Saturday, April 15, 2006

needing taught

you know - - - today i'm just antsy. my pea brain is too full of psychotherapeutic interventions, new faces, names paperwork and diagnoses. these new items are just barely fitting.

next to me are some complex textbooks that need to be added to the mix. and quick. i'm a week late. somehow i must absorb, process, digest, and later perform all this. heavy. too heavy.

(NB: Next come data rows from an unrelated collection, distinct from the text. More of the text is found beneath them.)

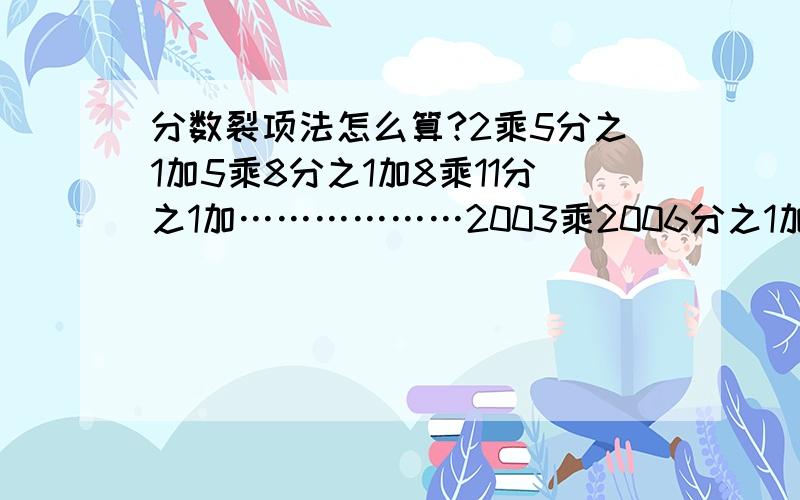 分数裂项法怎么算?2乘5分之1加5乘8分之1加8乘11分之1加………………2003乘2006分之1加2006乘2009分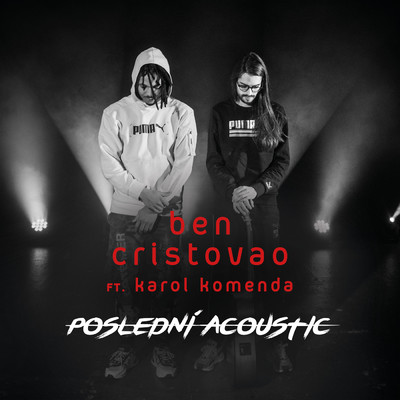 Posledni (featuring Karol Komenda／Acoustic)/Ben Cristovao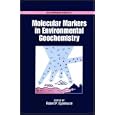 Molecular Markers in Environmental Geochemistry (Acs Symposium Series) by  R. P. Eganhouse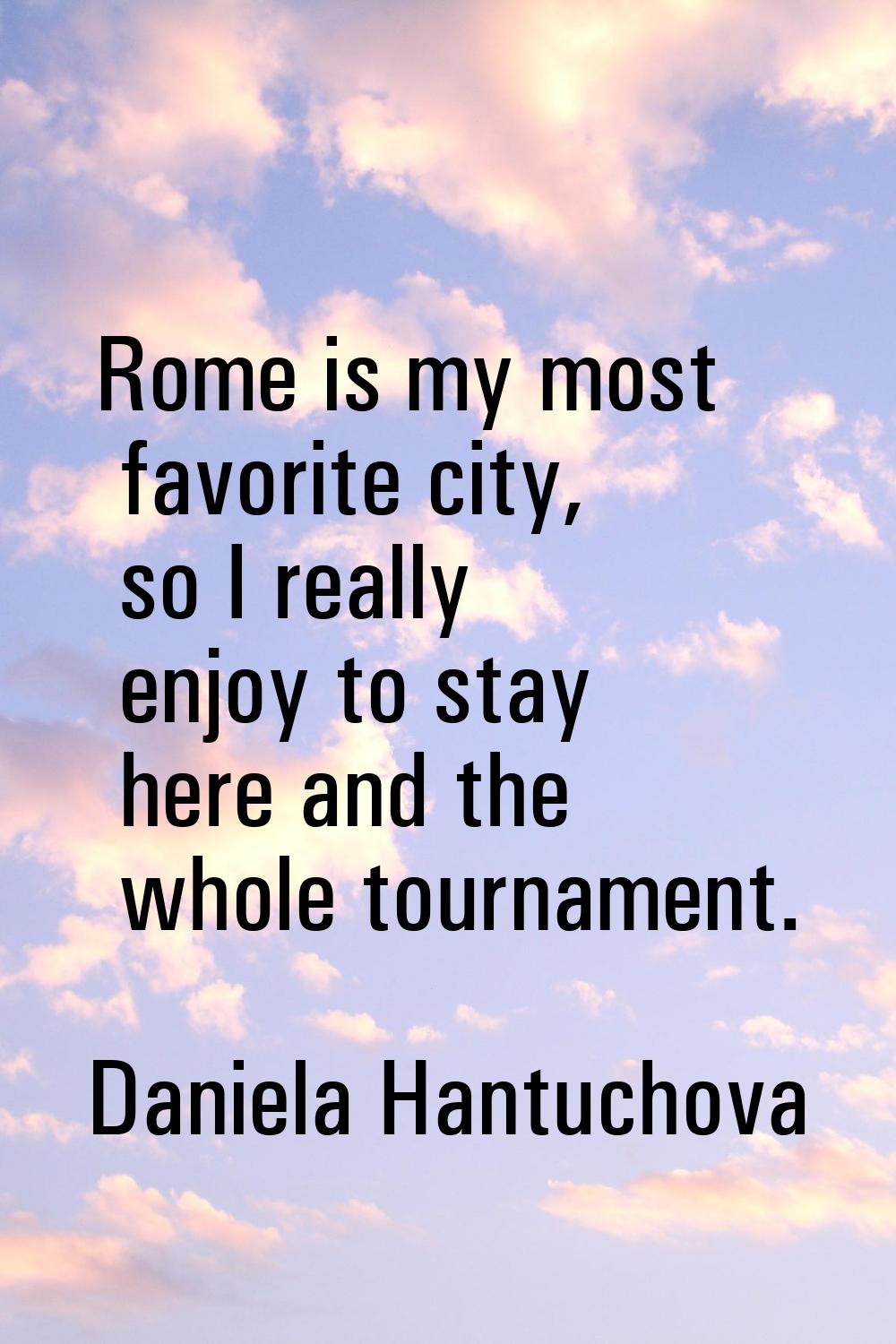 Rome is my most favorite city, so I really enjoy to stay here and the whole tournament.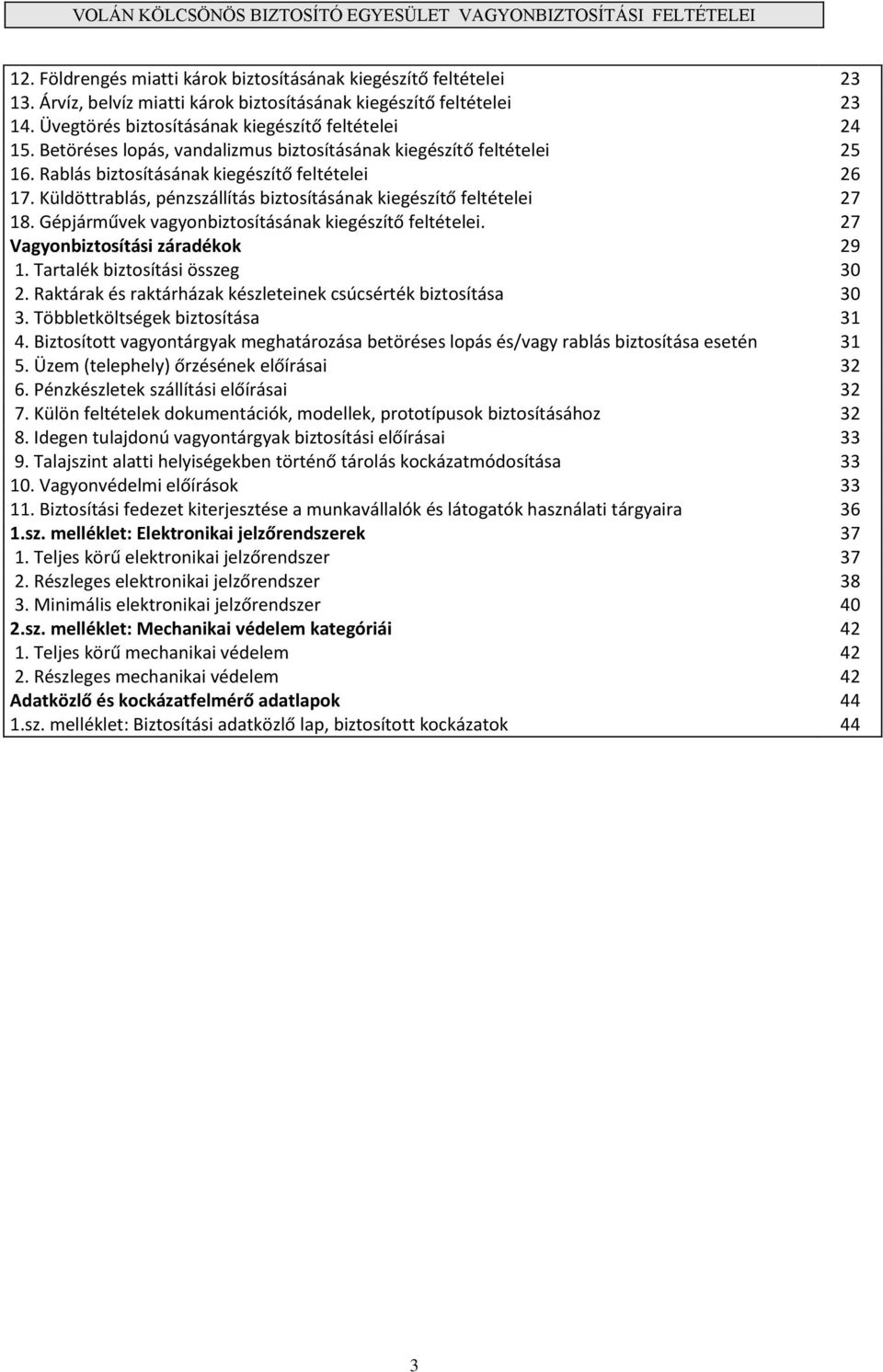 Gépjárművek vagyonbiztosításának kiegészítő feltételei. 27 Vagyonbiztosítási záradékok 29 1. Tartalék biztosítási összeg 30 2. Raktárak és raktárházak készleteinek csúcsérték biztosítása 30 3.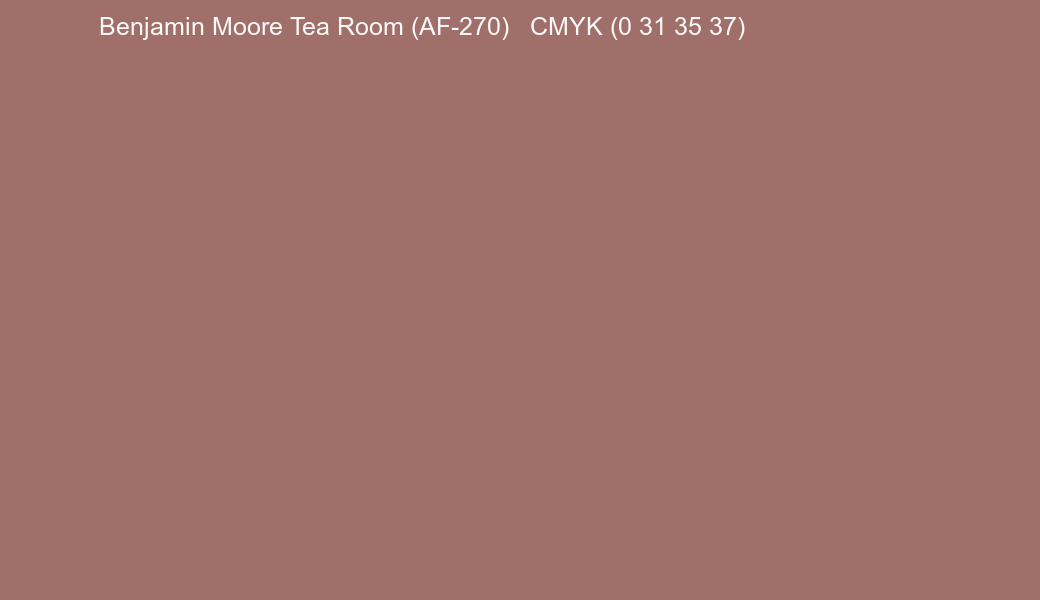 Color Benjamin Moore Tea Room (AF-270) to CMYK (0 31 35 37) converter Color Benjamin Moore Tea Room (AF-270) to CMYK (0 31 35 37) converter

last night at emanuel was hard, i felt less confident and more stupid. wanting to learn but lacking a teacher. there is great value in someone who can go beyond profiency in their own work and extend patience and lessons to others nearby.

i'm late in getting a preceptor this term. don't know where i'll be and what i'll learn one day a week. i hear it may be with st. vincent's eating disorders clinic--which would be a real find.

i'm online only for psychopharmacotherapeutics. learning drugs, mechanism of action, and prescriptives all on my own with a book and a computer.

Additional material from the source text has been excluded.